Prompt Engineering in Medical Education: Comparison
Please note this is a comparison between Version 1 by Thomas F Heston and Version 2 by Fanny Huang.

Prompt engineering is a systematic approach to effectively communicating with generative language models (GLMs) to achieve the desired results. Well-crafted prompts yield good responses from the generative language models (GLMs), while poorly constructed prompts will lead to unsatisfactory responses. Besides the challenges of prompt engineering, significant concerns are associated with using GLMs in medical education, including ensuring accuracy, mitigating bias, maintaining privacy, and avoiding excessive reliance on technology.

  • prompt engineering
  • medical education

1. Introduction

Generative language models (GLMs) are neural networks trained primarily on language data gathered from the Internet. GLMs are large language models specifically designed to generate high-quality, human-like text. GLMs are built upon a generative pre-trained transformer model (GPT). The first version, GPT-1, was released in 2018 [1]. This version had approximately 117 million parameters utilizing just over 100,000 nodes. Since then, the scale of GPT models has rapidly increased. GPT-2, released in 2019, had around 1.5 billion parameters, followed by GPT-3 in 2020, with 175 billion parameters. The latest version, GPT-4, released in 2023, is estimated to utilize 1 trillion parameters [2].
One notable development in the GPT series is the introduction of GPT-3.5, which includes an online chat interface. OpenAI introduced ChatGPT in 2022, allowing users to interact directly with GPT-3.5 and GPT-4. ChatGPT employs natural language processing and can respond to various inputs from human users. It can understand multiple languages, including computer coding languages, and perform data analysis and basic mathematical calculations. Other GLM chatbots such as Google Bard and Bing AI have real-time access to the Internet, and Anthropic easily allows uploading files for analysis. However, for all GLMs, structuring the input in a specialized manner ensures the most appropriate output. This process, called prompt engineering, effectively communicates with the GLMs to achieve desired results [3]. Although in existence for less than a year, GLM chatbots, including medical education, dramatically impact society.
Prompt engineering is a crucial process in maximizing the benefits of GLMs. Not only is it a method of optimizing responses from ChatGPT, Google Bard, and similar chatbots, it is also a method to challenge thinking and develop greater understanding in students [4]

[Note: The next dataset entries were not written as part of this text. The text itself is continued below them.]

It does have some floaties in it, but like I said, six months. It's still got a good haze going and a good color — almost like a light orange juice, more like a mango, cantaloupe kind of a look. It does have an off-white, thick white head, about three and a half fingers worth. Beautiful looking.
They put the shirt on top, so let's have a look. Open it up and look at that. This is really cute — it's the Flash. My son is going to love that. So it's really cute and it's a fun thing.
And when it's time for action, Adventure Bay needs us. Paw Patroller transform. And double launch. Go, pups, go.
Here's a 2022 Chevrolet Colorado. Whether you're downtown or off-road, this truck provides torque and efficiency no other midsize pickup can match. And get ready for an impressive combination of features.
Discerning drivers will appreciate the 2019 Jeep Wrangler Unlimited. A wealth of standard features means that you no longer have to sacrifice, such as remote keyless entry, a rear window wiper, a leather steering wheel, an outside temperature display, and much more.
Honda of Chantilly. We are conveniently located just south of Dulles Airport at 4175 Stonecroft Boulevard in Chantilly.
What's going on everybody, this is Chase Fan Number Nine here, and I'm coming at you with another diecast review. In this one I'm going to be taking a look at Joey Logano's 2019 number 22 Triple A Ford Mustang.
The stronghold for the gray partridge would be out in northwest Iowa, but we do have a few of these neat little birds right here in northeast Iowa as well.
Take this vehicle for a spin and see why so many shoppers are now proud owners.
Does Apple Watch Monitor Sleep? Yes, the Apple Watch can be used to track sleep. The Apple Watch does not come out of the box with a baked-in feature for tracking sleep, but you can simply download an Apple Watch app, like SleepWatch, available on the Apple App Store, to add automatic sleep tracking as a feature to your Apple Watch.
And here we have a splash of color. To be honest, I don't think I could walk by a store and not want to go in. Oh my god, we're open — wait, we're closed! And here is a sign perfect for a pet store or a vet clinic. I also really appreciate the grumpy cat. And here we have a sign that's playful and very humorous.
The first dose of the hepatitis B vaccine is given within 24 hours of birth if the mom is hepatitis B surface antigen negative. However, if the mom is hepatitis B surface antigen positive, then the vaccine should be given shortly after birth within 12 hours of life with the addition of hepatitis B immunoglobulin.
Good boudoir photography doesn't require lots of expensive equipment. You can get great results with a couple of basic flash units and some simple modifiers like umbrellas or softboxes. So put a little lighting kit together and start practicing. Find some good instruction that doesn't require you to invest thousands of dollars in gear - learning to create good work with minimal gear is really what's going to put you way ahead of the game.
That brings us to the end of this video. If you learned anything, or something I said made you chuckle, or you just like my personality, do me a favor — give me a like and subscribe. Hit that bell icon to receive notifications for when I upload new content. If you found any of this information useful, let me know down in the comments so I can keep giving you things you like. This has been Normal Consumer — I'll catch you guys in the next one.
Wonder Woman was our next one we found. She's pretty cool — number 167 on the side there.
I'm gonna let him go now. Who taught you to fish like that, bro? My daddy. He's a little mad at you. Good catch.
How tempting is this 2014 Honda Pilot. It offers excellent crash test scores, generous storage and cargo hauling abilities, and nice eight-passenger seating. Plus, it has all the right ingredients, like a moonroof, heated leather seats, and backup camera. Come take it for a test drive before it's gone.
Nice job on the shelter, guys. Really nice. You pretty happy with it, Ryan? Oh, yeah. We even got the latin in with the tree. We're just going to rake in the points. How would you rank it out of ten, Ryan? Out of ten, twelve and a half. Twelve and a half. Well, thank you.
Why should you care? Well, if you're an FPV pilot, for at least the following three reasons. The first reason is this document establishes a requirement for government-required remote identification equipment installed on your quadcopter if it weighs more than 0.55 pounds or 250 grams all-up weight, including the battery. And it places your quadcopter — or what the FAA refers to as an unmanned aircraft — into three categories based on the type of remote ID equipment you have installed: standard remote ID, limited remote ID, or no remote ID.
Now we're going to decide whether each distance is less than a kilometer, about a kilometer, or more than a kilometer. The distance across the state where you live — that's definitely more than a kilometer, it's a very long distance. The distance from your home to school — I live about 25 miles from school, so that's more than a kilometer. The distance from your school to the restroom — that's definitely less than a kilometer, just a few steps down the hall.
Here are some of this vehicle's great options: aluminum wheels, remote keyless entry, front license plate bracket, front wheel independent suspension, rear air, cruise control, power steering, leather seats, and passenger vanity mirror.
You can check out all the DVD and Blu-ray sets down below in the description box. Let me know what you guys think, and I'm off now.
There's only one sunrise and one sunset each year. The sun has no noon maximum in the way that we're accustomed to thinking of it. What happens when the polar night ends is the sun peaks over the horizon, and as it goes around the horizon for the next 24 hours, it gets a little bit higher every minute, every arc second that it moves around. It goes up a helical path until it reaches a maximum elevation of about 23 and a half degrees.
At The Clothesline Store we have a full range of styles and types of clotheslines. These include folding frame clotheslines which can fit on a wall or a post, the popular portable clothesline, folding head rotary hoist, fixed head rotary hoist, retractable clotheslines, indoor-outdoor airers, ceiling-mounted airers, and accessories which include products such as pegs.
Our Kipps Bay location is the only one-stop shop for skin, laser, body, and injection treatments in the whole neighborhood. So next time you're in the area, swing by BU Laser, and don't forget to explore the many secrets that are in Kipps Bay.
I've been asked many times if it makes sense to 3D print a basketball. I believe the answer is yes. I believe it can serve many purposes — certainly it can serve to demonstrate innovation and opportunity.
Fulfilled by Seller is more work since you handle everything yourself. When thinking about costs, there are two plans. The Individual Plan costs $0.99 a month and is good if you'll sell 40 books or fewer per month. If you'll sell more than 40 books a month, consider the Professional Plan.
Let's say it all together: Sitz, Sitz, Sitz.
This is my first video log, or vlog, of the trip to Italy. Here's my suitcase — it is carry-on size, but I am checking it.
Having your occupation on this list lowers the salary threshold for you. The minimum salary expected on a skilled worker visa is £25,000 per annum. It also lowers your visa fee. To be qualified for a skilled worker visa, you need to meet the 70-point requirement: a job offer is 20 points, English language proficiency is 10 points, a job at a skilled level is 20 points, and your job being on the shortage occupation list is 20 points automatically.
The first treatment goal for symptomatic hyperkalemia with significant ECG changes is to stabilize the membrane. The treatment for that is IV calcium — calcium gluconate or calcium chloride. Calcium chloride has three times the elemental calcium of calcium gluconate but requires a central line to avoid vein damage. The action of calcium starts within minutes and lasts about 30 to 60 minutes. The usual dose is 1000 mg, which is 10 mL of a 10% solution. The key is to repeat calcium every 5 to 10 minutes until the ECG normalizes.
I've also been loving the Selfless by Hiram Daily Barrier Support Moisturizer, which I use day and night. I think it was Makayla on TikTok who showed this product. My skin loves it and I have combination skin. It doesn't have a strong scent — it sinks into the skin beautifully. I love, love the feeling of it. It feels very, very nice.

2. Generative Language Models in Medical Education

GLMs have great potential to improve learning and comprehension in medical education. They can interactively and in real-time interact with a human user using a natural language such as English or Spanish. Because of their ability to communicate in natural languages, GLMs have the potential to simulate realistic patient scenarios, provide useful information on various medical topics, and assist in developing patient communication skills [5].
GLMs, due to their extensive training databases, contain a tremendous volume of medical information. A recent study looked at the performance of ChatGPT on the United States Medical Licensing Exam (USMLE). The researchers found that ChatGPT performed at or near the passing threshold for all three exams without any specialized training or reinforcement. Moreover, ChatGPT demonstrated a high level of concordance and insight in its explanations. These results suggest that GLMs have significant potential to assist with medical education and even potentially aid in clinical decision-making [6][7].
The use of GLMs in medical education is part of a broader trend toward digitization and the incorporation of technology in teaching. This trend has been accelerated by the COVID-19 pandemic, which has required remote learning and reliance on online resources. Utilizing GLMs is a critical component of this trend, offering the potential to enhance personalized learning, foster critical thinking, and improve evidence-based thinking in medicine [8][9].
GLMs can also create realistic patient simulations and give personalized feedback to the student. They can help overcome language barriers and assist students in learning a foreign language, focusing on healthcare settings. However, despite these advantages, ensuring content quality, addressing biases, and managing ethical and legal concerns remain challenges in using artificial intelligence (AI) and GLMs in medical education [10].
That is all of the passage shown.